Walter and I enjoyed speaking with you yesterday. I have now had an opportunity to review our conversation with the Navistar Board. Consistent with our conversations and your separate conversations with our two largest shareholders, the Navistar Board has asked me to confirm to you that it would be prepared to move forward with a transaction in which TRATON would acquire Navistar for US$44.50 per share in cash. Please confirm that a price of US$44.50 per share in cash is a basis for finalization of the definitive agreements and that you will promptly make a public announcement of the extension of your previously announced expiration of your offer to acquire Navistar to a date and time mutually agreed upon in order to proceed with the finalization of the definitive agreements for a transaction at US$44.50 per share in cash.

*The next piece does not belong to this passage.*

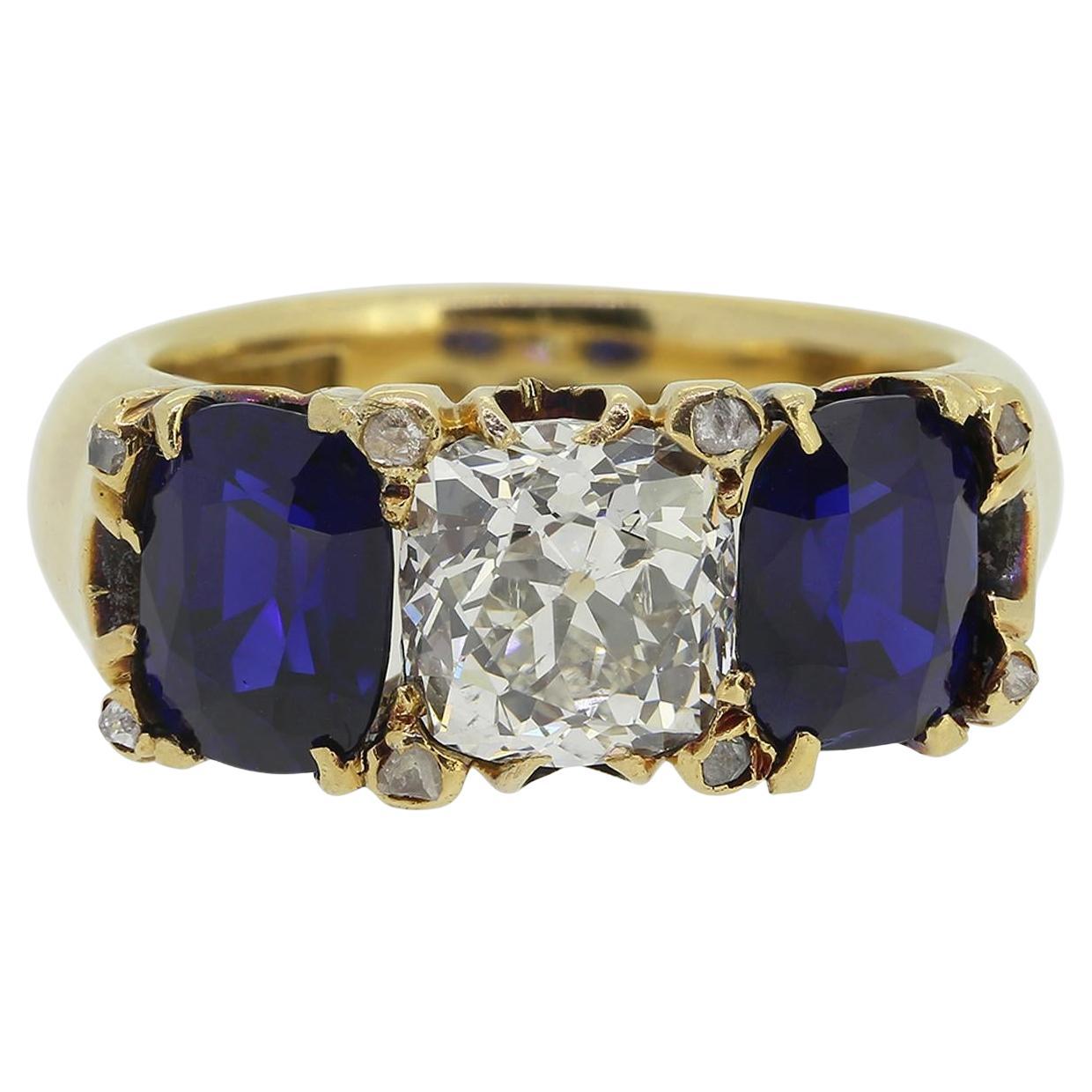 Anillo eduardiano birmano de zafiro y diamantes de tres piedras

An acquisition of Navistar by TRATON for US$44.50 per share has the support of both Icahn and MHR in their capacity as shareholders of Navistar.

Nothing in this letter will be construed as a binding and enforceable commitment. A binding and enforceable commitment with respect to the acquisition of Navistar by TRATON will result only from the execution of a definitive written agreement approved by the Board of Navistar.